Se proprio vogliamo dirla tutta internet, i social, la messaggeria istantanea, hanno amplificato e reso più facile comportamenti tra esseri umani che esistevano prima. Premesso che affettività e sessualità sono ambiti personalissimi che ognuno ha il diritto di vivere come meglio crede, è pur vero che una superficialità nelle relazioni, una certa fretta nell’approfondire il lato intimo in assenza di una vera conoscenza, aumentano la probabilità di restare delusi. Applicare l’algoritmo “Ti provo, mi fai schifo, ti lascio” ha più a che fare con una modalità usa e getta e consumistica delle persone, viste più come un vestito che deve calzarti perfettamente da subito, altrimenti lo riponi nello scaffale, manco l’idea di fare un orlo o una modifica, come si faceva un tempo. No. Si è sostituibili al primo fallimento, punto.

Si ha una visione del sesso legata a modalità di tecniche e fruizioni legati a modelli irreali in cui uomini e donne sono oggetti di carne. Questo è il vero problema tra Margot e Robert e chissà quante coppie di esseri umani che si incontrano e ci provano. Vanno continuamente al fast food e poi ci restano male se non trovano la tartare di fassona. E certo il problema non può essere imputato al fatto che hanno prenotato via internet. Quello era solo un mezzo come tanti altri. Margot e Robert avrebbero pure potuto vedersi frettolosamente un paio di volte alla cassa dove lei vendeva Red Vines, scambiare ogni volta due battute informali e poi decidere di uscire senza veramente conoscersi. Noi stessi lettori non conosciamo veramente Robert ma non possiamo avere un’idea di lui da quegli ultimi farneticanti messaggi, quell’ultima durissima parola che le indirizza, intrisa di anaffettività, rabbia, delusione, cattiveria, perché, per come sono andate le cose, siamo sicuri che noi non avremmo reagito allo stesso modo?
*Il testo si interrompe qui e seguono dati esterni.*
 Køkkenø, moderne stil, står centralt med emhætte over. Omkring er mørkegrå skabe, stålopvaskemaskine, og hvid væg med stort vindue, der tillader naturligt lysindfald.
Come sempre accade, dovremmo iniziare a rivedere non il mezzo in sé, ma le modalità con cui ne usufruiamo e riflettere sia sul fatto che le persone possono non essere sempre sincere, (per cui: diamoci tempo per conoscerle, sai che bellezza salire in macchina con uno ed esorcizzare tutto il tempo sul fatto che lui potrebbe essere un sadico stupratore con battutine sceme e risatine isteriche), sia sul fatto che occorre lavorare ancora parecchio sulla consapevolezza da parte di entrambi i sessi sulle modalità di rapportarsi, sulla consapevolezza di se stessi e delle conseguenze delle proprie azioni, che non possono affidarsi a stereotipi o pressioni sociali. Almeno, questo è ciò che io ho letto in questo racconto.